• **INFORMATION**
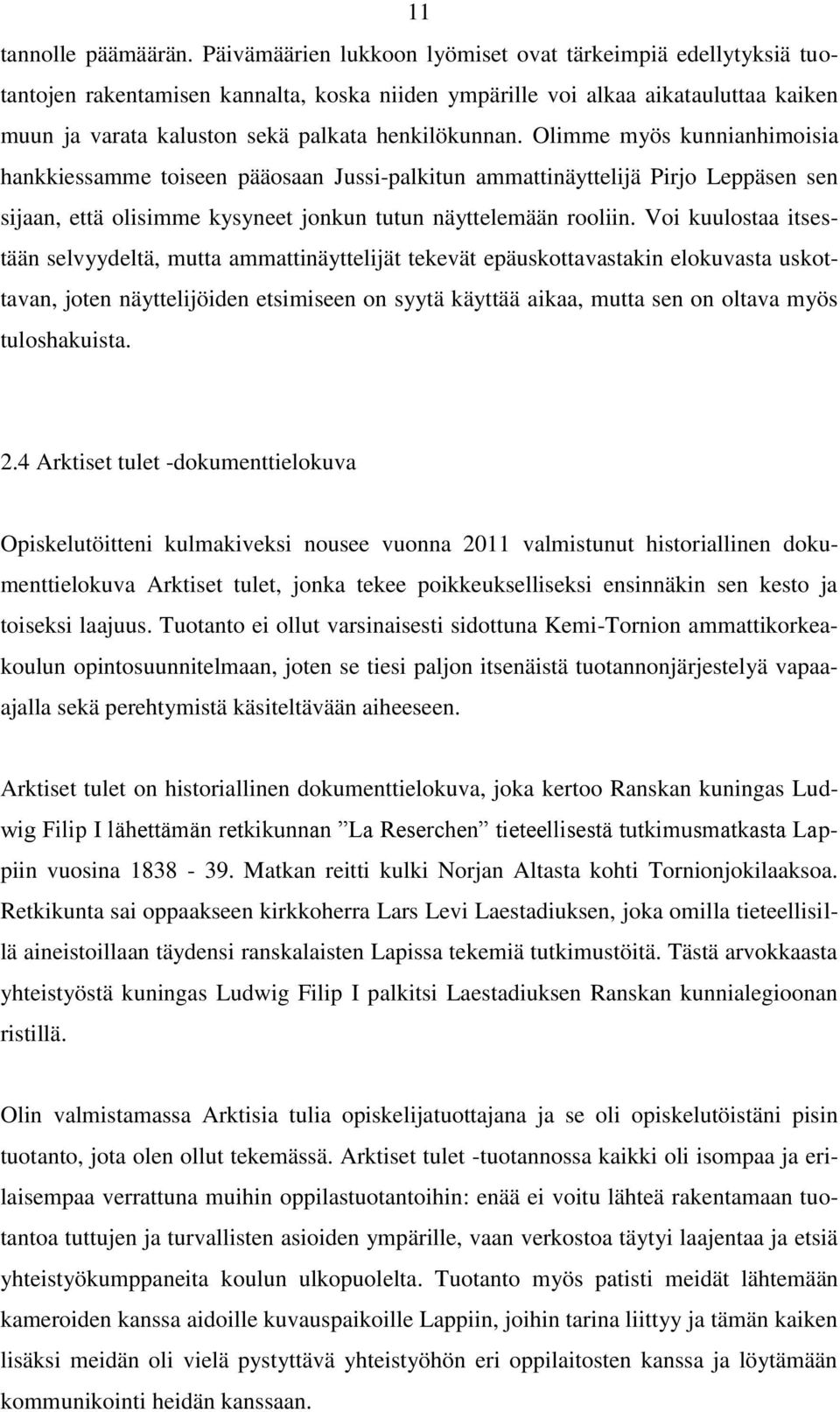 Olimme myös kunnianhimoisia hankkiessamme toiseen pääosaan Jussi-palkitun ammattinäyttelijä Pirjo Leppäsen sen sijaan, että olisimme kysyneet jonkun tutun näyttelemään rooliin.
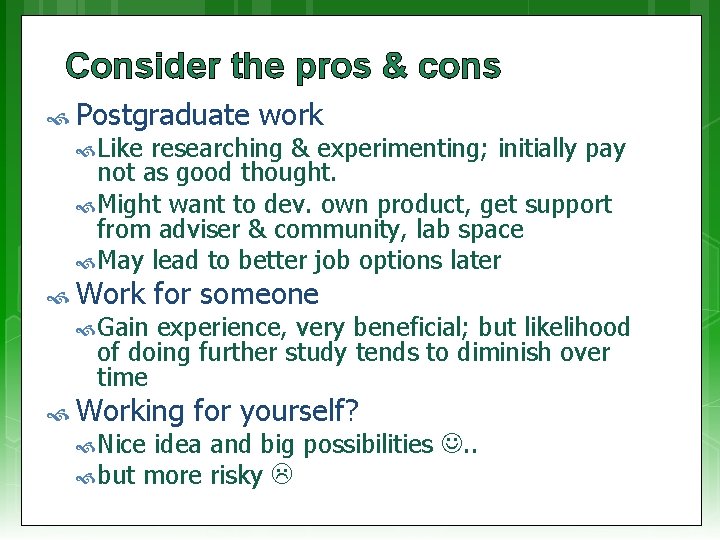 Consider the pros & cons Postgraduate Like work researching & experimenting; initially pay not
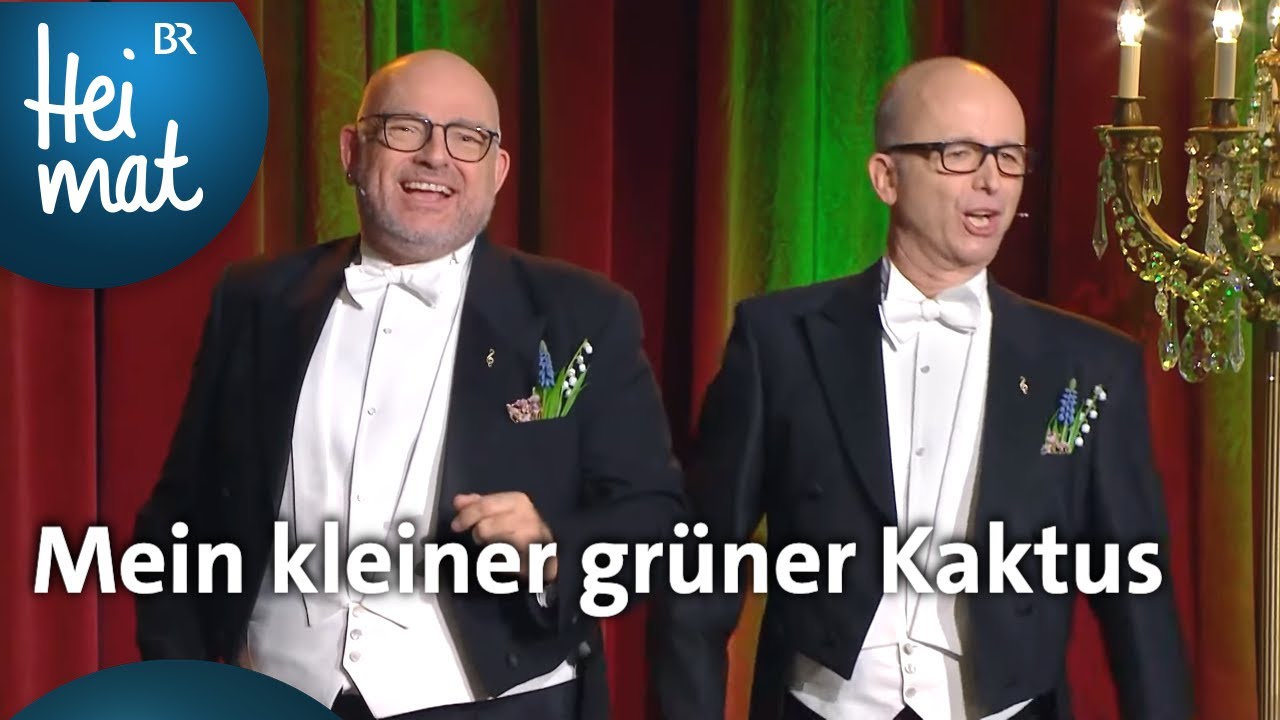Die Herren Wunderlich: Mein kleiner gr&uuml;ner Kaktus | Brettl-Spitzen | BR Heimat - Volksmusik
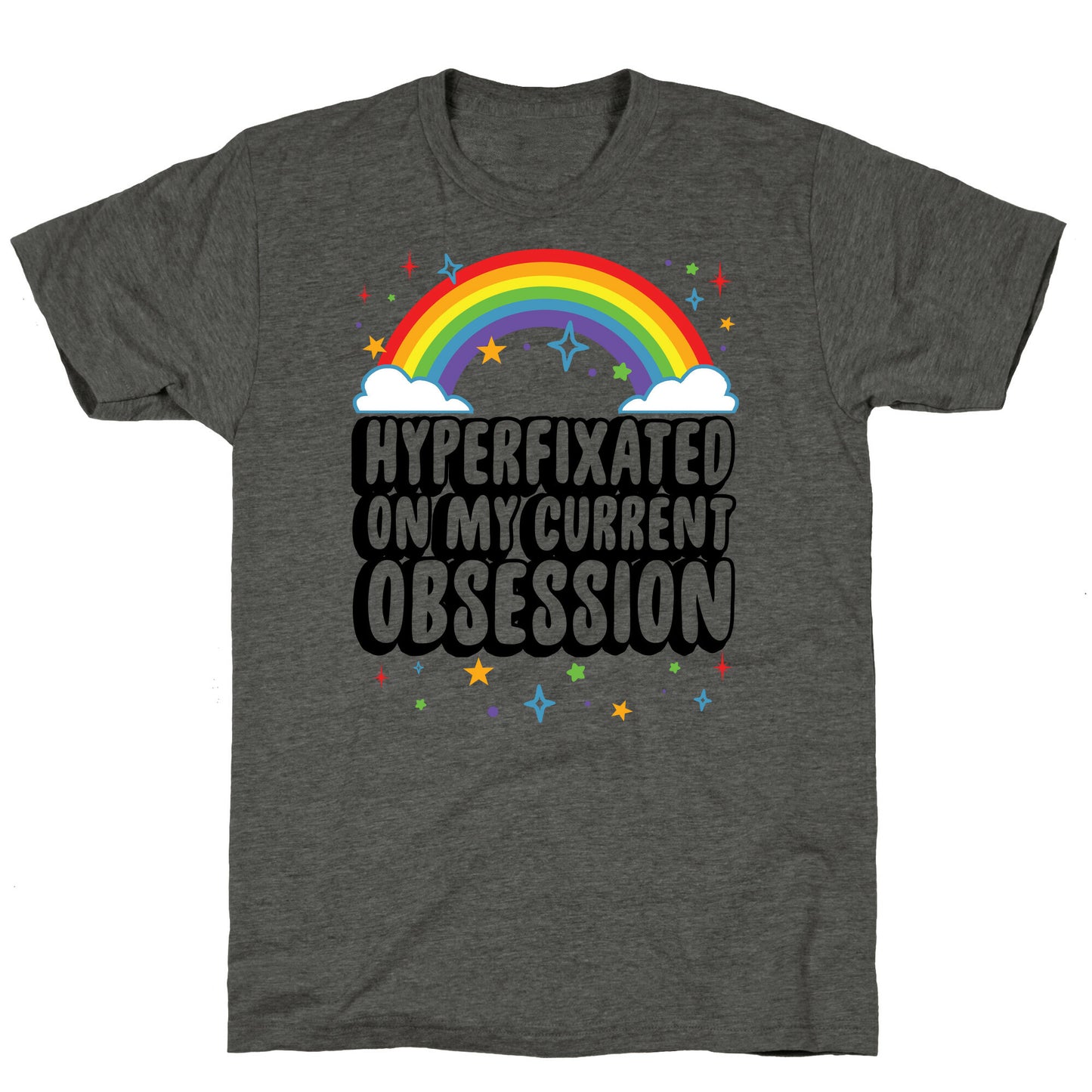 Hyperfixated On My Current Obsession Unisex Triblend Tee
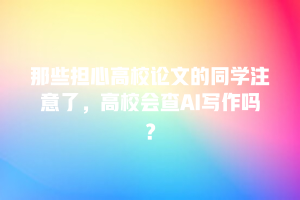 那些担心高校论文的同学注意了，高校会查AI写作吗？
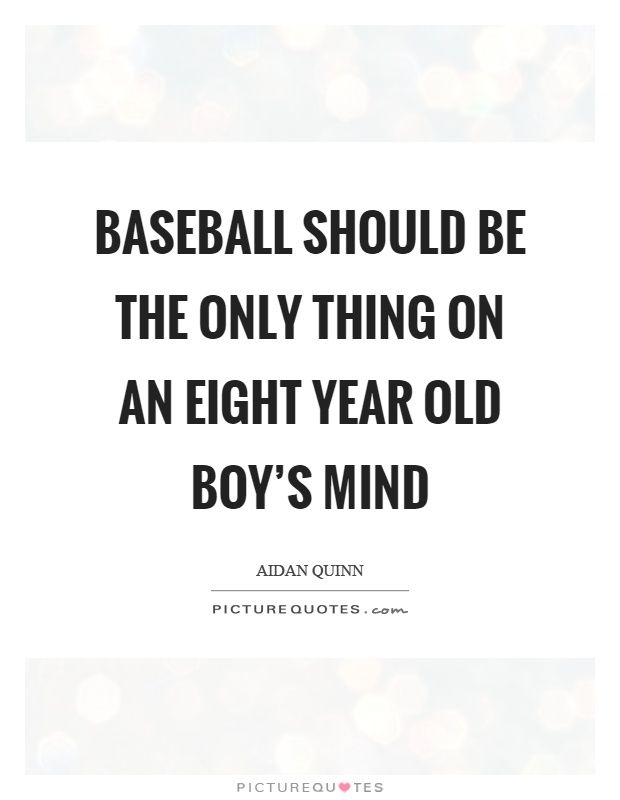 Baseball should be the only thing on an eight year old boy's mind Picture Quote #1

==

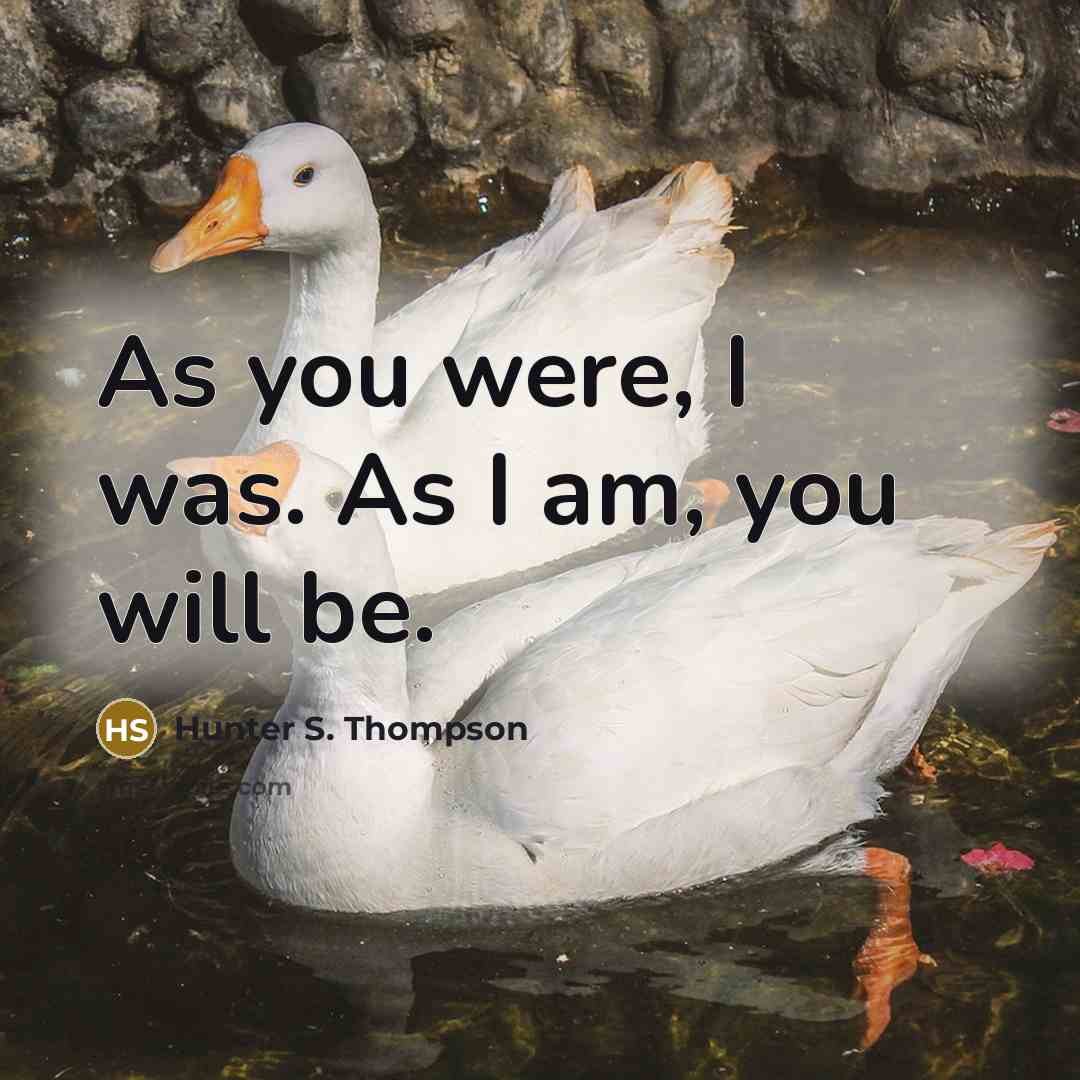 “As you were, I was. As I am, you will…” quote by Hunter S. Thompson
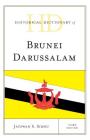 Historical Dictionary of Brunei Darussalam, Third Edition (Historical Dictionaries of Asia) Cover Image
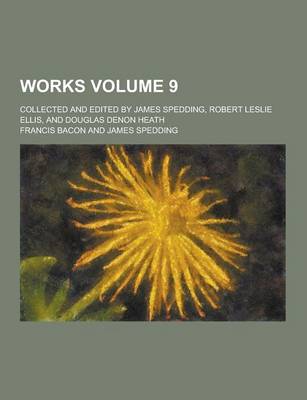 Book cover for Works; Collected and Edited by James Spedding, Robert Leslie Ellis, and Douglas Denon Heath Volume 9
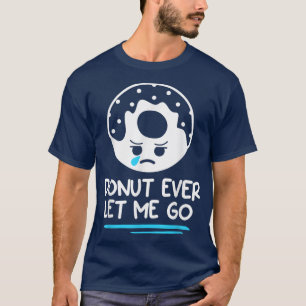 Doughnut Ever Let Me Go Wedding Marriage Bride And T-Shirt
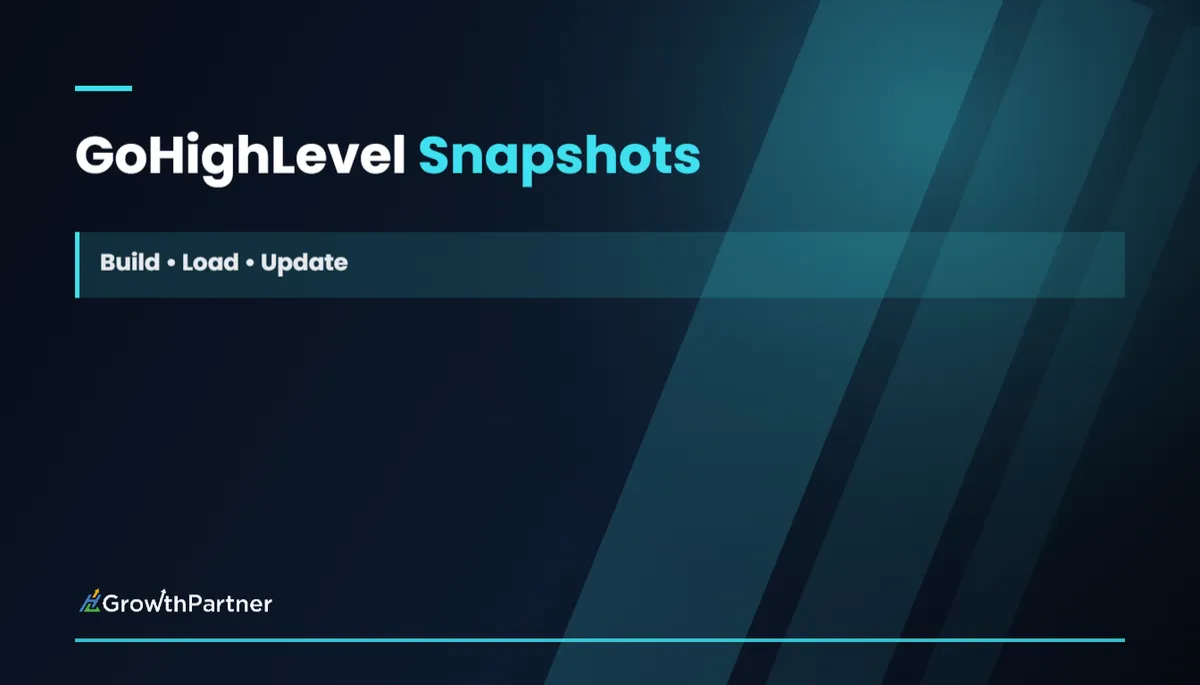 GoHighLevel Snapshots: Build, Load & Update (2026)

--

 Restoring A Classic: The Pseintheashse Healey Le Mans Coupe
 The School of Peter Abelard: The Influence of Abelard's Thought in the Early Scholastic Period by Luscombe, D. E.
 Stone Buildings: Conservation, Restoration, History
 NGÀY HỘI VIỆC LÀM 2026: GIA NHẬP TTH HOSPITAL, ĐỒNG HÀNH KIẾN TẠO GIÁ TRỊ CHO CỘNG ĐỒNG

• **PROBLEM REQUIREMENTS**
Excerpt from the records above: set down only the lines from the one that contains "Olimme myös kunnianhimoisia" through the one that contains "Consider the pros", inclusive, word for word. Pictures stay out.

• **ANSWER TO THIS EXERCISE**
 Olimme myös kunnianhimoisia hankkiessamme toiseen pääosaan Jussi-palkitun ammattinäyttelijä Pirjo Leppäsen sen sijaan, että olisimme kysyneet jonkun tutun näyttelemään rooliin.
 Consider the pros & cons Postgraduate Like work researching & experimenting; initially pay not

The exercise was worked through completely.